Status: Draft, gated. Validated 2026-05-05 against deepseek-v4-flash on 6 real coding tasks. Whether to actually build is a separate call — see "Decision" at the end.
Motivation
Every Reasonix session today re-discovers the same repo conventions: test runner, import suffix, file layout, tool-registration pattern, where common types live. Each rediscovery burns tool calls and tokens.
OpenClaw / Hermes use procedural memory (skill capture) for general-purpose agents. The interesting application for a coding agent is narrower: capture environmental facts about this specific repo so subsequent sessions skip rediscovery.
The original framing — "越用越便宜 (gets cheaper as you use it)" — turns out to be too broad. The honest framing is narrower but still real, and the validation data backs it.
Validation summary
6 paired tasks, 3 runs each, cold (no lessons in prompt) vs warm (lessons in prompt). Same model, same temperature, same tool set.
| Task |
Reduction |
Win rate |
Notes |
| Write a unit test for one method |
-64% |
3/3 |
Convention-heavy, simple scope |
| Create a new tool file matching pattern |
-69% |
3/3 |
Pattern-matching against existing tools |
| Targeted bug fix in known function |
-32% |
2/3 |
Clear scope |
| Add method to complex class |
+30% |
0/3 |
Task ceiling above flash; lessons add overhead |
| Cross-file investigation |
~0% |
— |
Exploration-shaped, both modes cap-bound |
| Tool-addition planning |
~0% |
— |
Exploration-shaped, both modes cap-bound |
3/6 tasks reproducibly save 32%–69%, ~55% mean — all on tasks where the agent generates or modifies code that must match repo conventions, and the model can converge inside the turn budget.

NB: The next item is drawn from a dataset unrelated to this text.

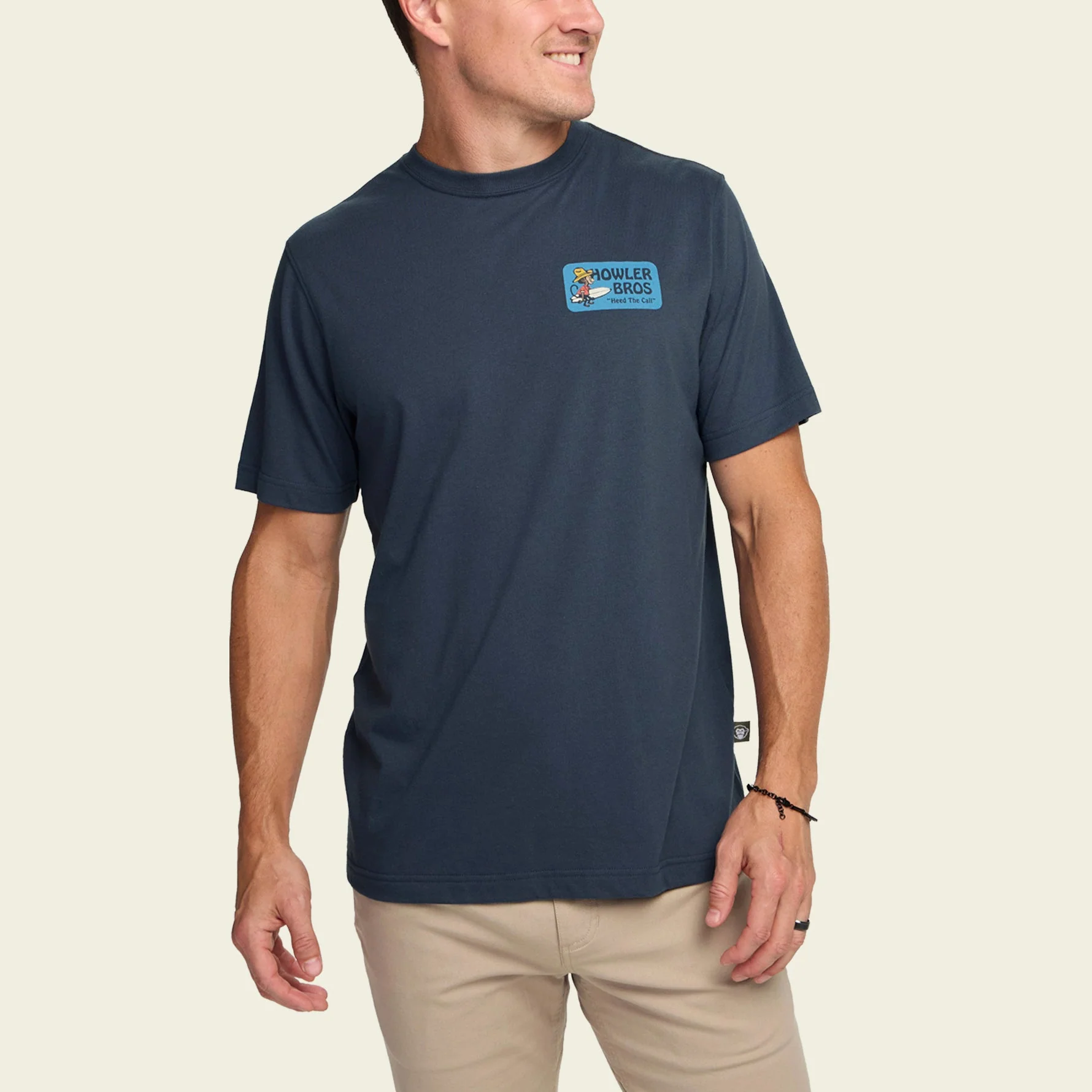 El Monito Surfs Badge T-Shirt - Key Largo - Image 4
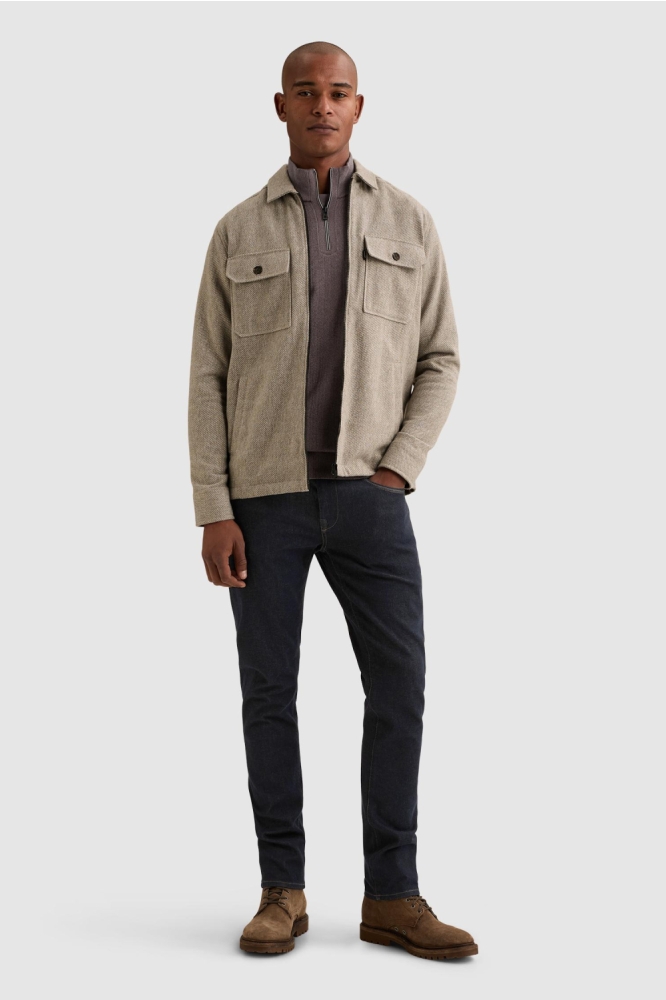 Vanguard taupe heren overhemd | Model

The 3 negatives have clear, separate reasons:
- Add-method: task is harder than
v4-flash can solve in 30 turns regardless of lessons. Lessons only add prompt overhead.
- Cross-file / planning: exploration-shaped. Lesson hints don't help direction; the agent gets lost in tool calls regardless.
Honest pitch
❌ "Reasonix gets cheaper as you use it (across the board)"
✅ "Reasonix learns your repo. From the second session, tasks that write/modify code following your conventions cost 30–70% fewer tokens."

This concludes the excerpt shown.